— Input —
________________________
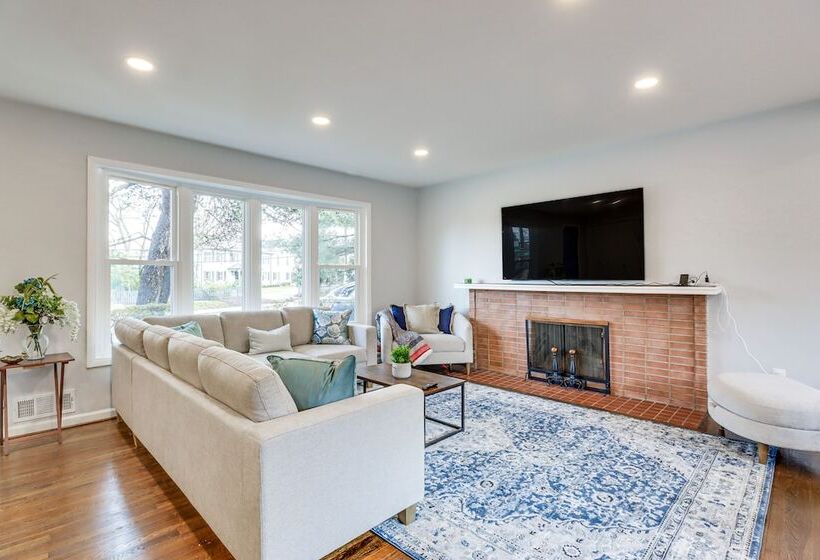 Updated Home W/ Yard ~ 4 Mi To Old Town Alexandria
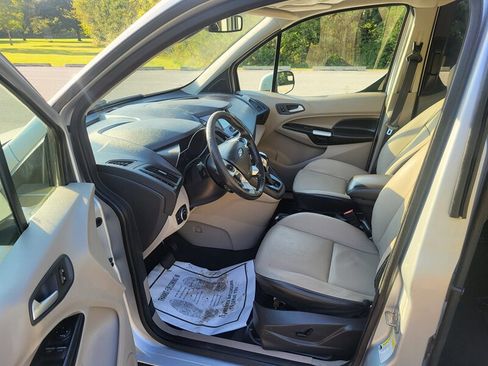 Used 2016 Ford Transit Connect Titanium image 11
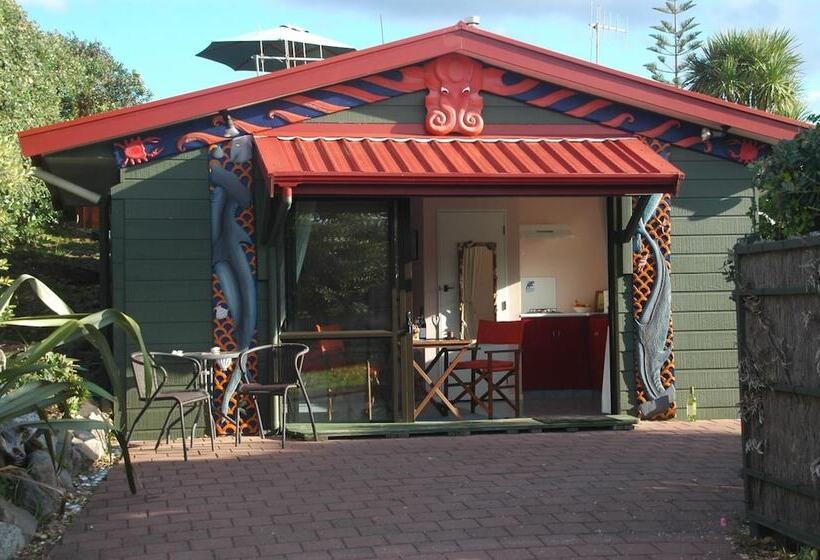 مبيت وإفطار Moanarua Beach Cottage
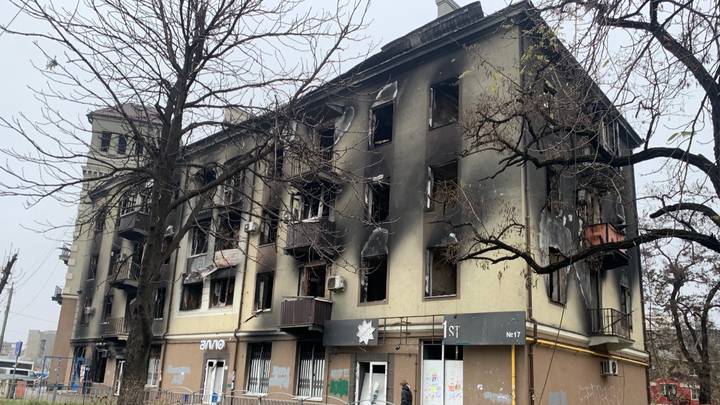 К сожалению, так выглядят сегодня многие дома в Мариуполе. Строителям предстоит еще много работы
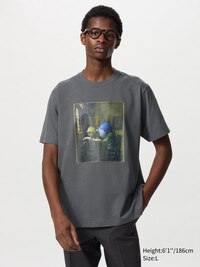Doraemon meets the Louvre UT Graphic T-Shirt
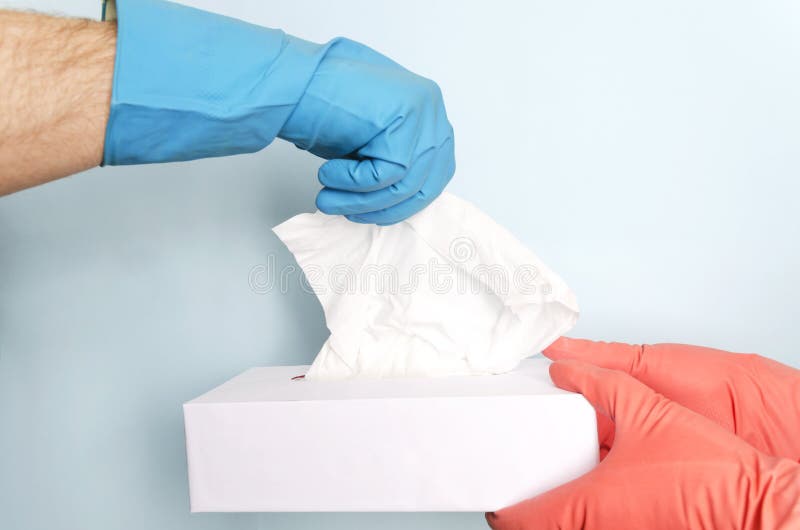 Konzept des Reinigungsservices Reinigungsmann und Frau, die Papiergewebe verwendet, um Staub abzuwischen lizenzfreies stockfoto Konzept des Reinigungsservices Reinigungsmann und Frau, die Papiergewebe verwendet, um Staub abzuwischen lizenzfreies stockfoto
________________________
— Goal of the exercise —
Pick up at the line containing "Doraemon meets the Louvre UT Graphic T-Shirt" and copy each line exactly until the data ends, including that last line; copy no pictures.

— Result of this task —
Doraemon meets the Louvre UT Graphic T-Shirt
 Konzept des Reinigungsservices Reinigungsmann und Frau, die Papiergewebe verwendet, um Staub abzuwischen lizenzfreies stockfoto Konzept des Reinigungsservices Reinigungsmann und Frau, die Papiergewebe verwendet, um Staub abzuwischen lizenzfreies stockfoto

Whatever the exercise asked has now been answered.